Let's take 3 random variables $X,Y,Z$ on the same probability space (or associated with the same experiment), then the law of total variance states that:
$$ V[X] = V[E[X|Z]] + E[V[X|Z]] $$
Then what if I want to apply the law of total variance on the following conditional variance: $V[X|Y]$? The goal is to decompose this conditional variance further. Would this result in something like $$ V[X|Y] = V[E[X|Z|Y]] + E[V[X|Z|Y]] $$ or maybe $$ V[X|Y] = V[E[X|Z,Y]|Y] + E[V[X|Z,Y]|Y] $$
Thanks a lot for any help or suggestions.
$V\big[E[X\mid Z\mid Y]\big] + E\big[V[X\mid Z\mid Y]\big]$ does not make much sense notationally.
$V\big[E[X\mid Z]\mid Y\big] + E\big[V[X\mid Z]\mid Y\big]$ makes sense notationally but does not always give $V[X\mid Y]$.
$V[X\mid Y] = V\big[E[X\mid Z,Y]\mid Y\big] + E\big[V[X\mid Z,Y]\mid Y\big]$ both makes sense and is what you want.
To illustrate the distinction consider the example where $Y$ and $Z$ are i.i.d.
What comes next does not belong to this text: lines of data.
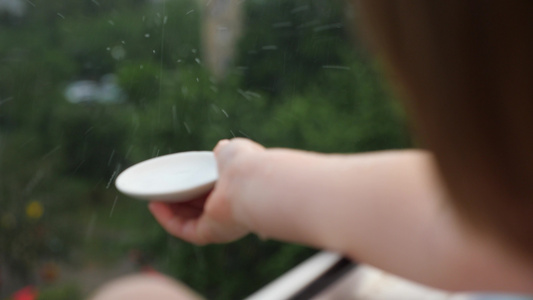 小手在模糊的背景下捕捉雨滴纯新鲜生态小女孩玩雨雨滴视频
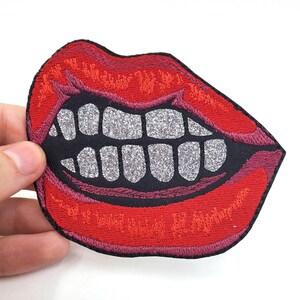 May include: Red embroidered patch of a mouth with white glitter teeth. The mouth is open in a wide grin.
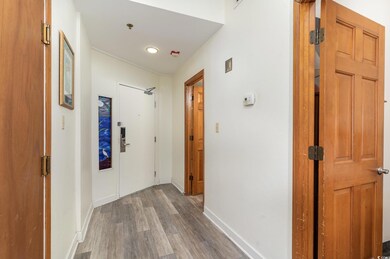 Hall with hardwood / wood-style floors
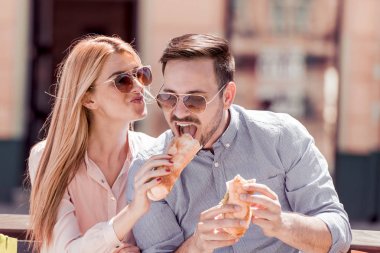 Eğleniyor şehirde, kahvaltı keyfi mutlu sevgi dolu çift. Onlar gülüyor ve sandviç yeme ve having a büyük zaman.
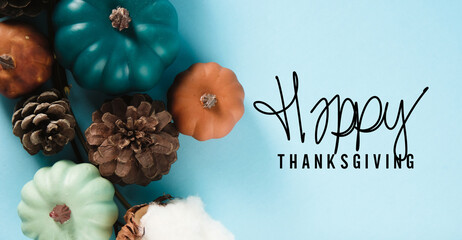 Top view of pumpkins and pinecones on blue thanksgiving background for holiday card.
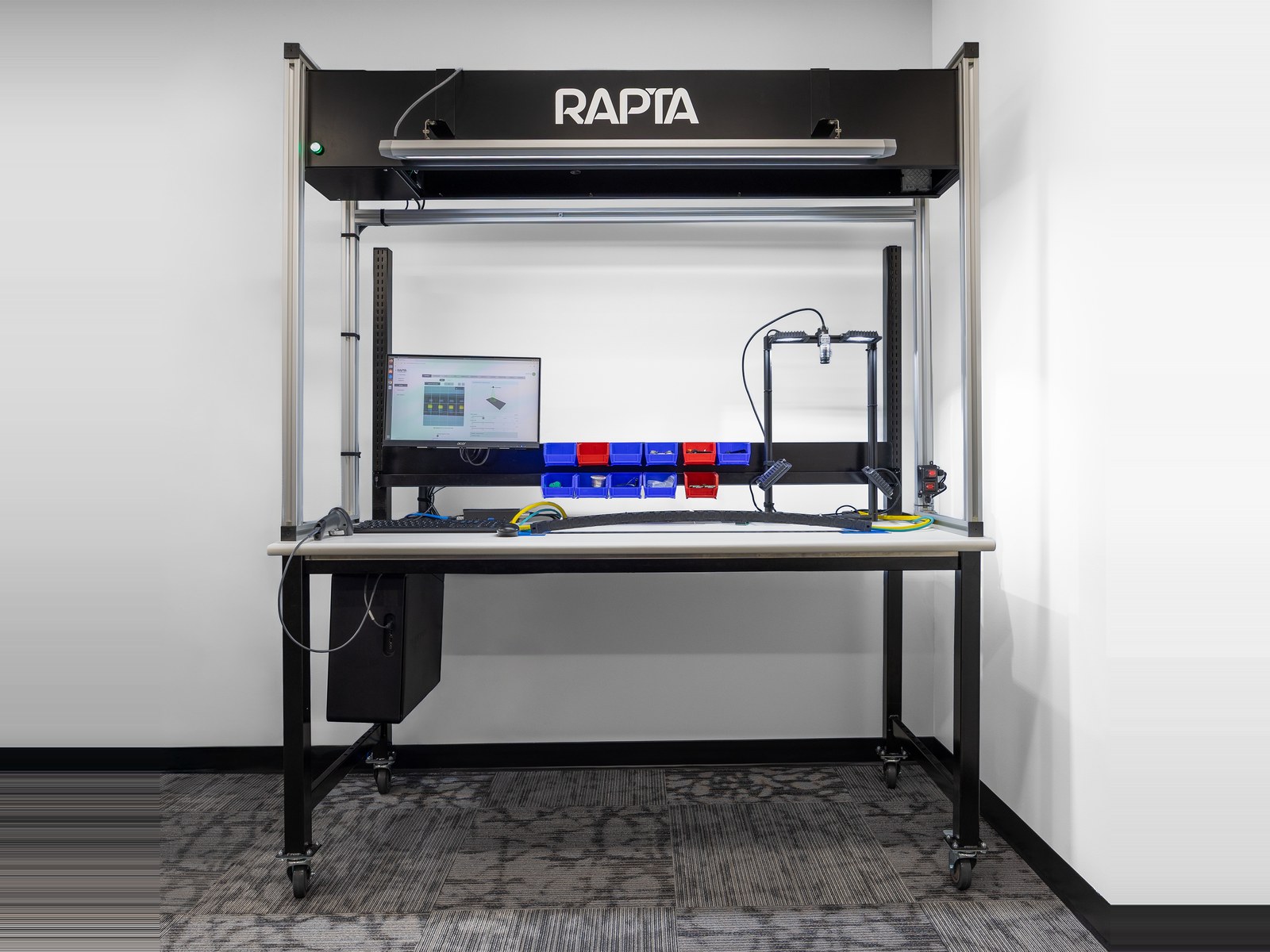 Rapta Superpod work cell with an overhead camera and lighting hood that verifies each assembly step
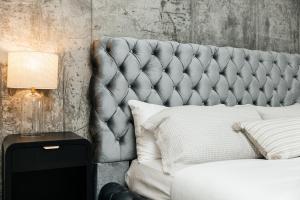 a bed with a tufted headboard next to a side table at Hollywood Designer Apartment in Los Angeles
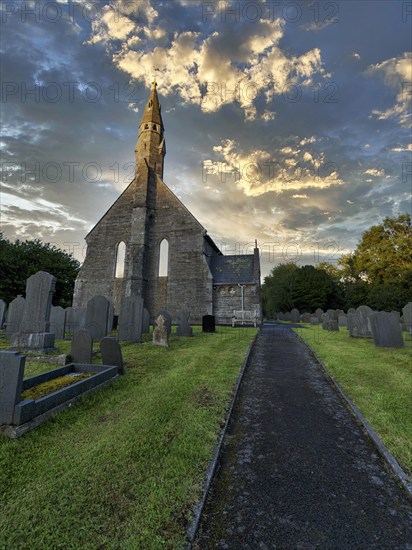 All Saints Church, gravestones in the churchyard, cemetery, evening sky, Llangorwen, Aberystwyth, Ceredigion, Wales, Great Britain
Bernouilli$(\frac12)$, i.e. each independently $0$ or $1$ with equal probability and mean $\frac12$, and $X=Y+Z$:
You can find $V[X\mid Y]=V[Z]=\frac14$ since $Y$ and $Z$ are independent here.
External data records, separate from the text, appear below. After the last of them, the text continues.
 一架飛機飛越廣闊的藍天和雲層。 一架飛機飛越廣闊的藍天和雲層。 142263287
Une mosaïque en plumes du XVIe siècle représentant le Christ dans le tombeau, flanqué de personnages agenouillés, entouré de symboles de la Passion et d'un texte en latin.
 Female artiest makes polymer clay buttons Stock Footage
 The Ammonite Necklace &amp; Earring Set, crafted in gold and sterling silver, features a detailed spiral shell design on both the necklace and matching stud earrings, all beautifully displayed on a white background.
$E[X \mid Z] =\frac12+Z$ and so $V\big[E[X\mid Z]\mid Y\big]=V\big[\frac12\mid Y\big]+V\big[Z\mid Y\big]=0+\frac14$, while $V[X \mid Z] =V[Y]=\frac14$ and so $E\big[V[X\mid Z]\mid Y\big]=\frac14$, giving $V\big[E[X\mid Z]\mid Y\big] + E\big[V[X\mid Z]\mid Y\big] = \frac12$, which is not $V[X\mid Y]$.
$E[X\mid Z,Y]=Y+Z$ and so $V\big[E[X\mid Z,Y]\mid Y\big]=V\big[Y\mid Y\big]+V\big[Z\mid Y\big]=0+\frac14$ again, while $V[X \mid Z,Y] =0$ (here, if you know $Z$ and $Y$ then you know $X$ exactly) and so $E\big[V[X\mid Z,Y]\mid Y\big]=0$, giving $V\big[E[X\mid Z,Y]\mid Y\big] + E\big[V[X\mid Z,Y]\mid Y\big] = \frac14$, as desired.